Koskoca bir yazı arkamızda bıraktık ve en güzel mevsimlerden birinin ilk günü bugün… Sonbahar.
Sonbahar kimilerine hüzün, kimilerine dökülen yapraklar ile bir burukluk, yazı ve sıcağı sevmeyenlere ise mutluluk verirken koskoca bir seneyi daha devirdiğimizin en güzel resmidir diyebiliriz. Sokağa çıktığınızda artık yem yeşil yaprakları değil sararmış ve yerlere düşmüş yaprakları görmeye başlayacaksınız. Boğucu nem ve sıcaklar yerini hafif rüzgarlar akşamları ise üşüten bir havaya bırakacak.
Bir yandan da bir melankolik hava alıp götürecek benliğinizi. Kendinizi çok mutlu hissederken bir anda yağmur başlayacak ve içinize bir sıkıntı oturmuş gibi olacak. Hep ayrılık mevsimini sembolize etti çünkü Eylül… Her düşen yaprak sanki kalpten kopup giden bir parça gibi gelecek çünkü mevsim sonbahar artık.
Bu kadar yoğun duyguları anlatan Eylül’ün Türk edebiyatındaki birçok şairinde kalemine konu olmuş tabiiki.

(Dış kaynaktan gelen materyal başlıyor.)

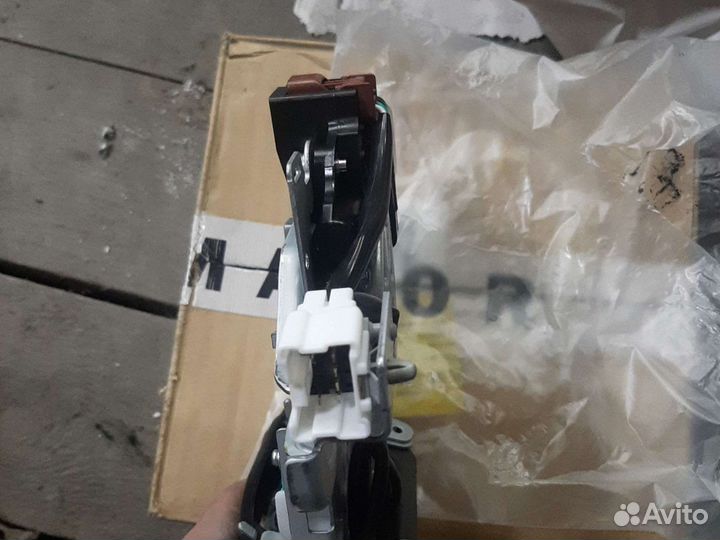 Замок багажника Nissan X-Trail 2017-2021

Ama en güzeli ne diye sorarsanız bence Cemal Süreyya’nın Eylül’ü…
“Dalından kopan yaprakların
Sararan yanlarına yazdım adını
Sahte bir gülüşten ibarettin oysa.
Ve hiç bilmedin ellerimin soğuğunu.
Eylül’dü……
Di’li geçmiş bir zamandı yaşadığımız
Adımlarımızın kısalığı bundandı
Bundandı gözlerimin durgunluğu.
Sarı sıcak cümlelerde sözün kadar yalan,
Ellerin kadar ıssız,
Sen kadar zamansız molalar veriyordum
Ve çocuksu bir bencillikti hüznümüz.
Eylül’dü…..
İzlerini çizdiği zaman ansızın gidişin,
Şimdi yoktu bi anlamı suskunluğun.
Çırılçıplak kalakaldım sessizliğinin orta yerinde.
Sonra sesime yankı vermeyen uçurumlar kıyısında yürüdüm bir zaman
En çok sesini aradım.
Gözlerinse asılı bıraktığın yerdeydiler hâlâ.
Gözlerini sildi zaman..
Dedim ya… Eylül’dü.
Savruluşu bundandı kimsesizliğimizin.”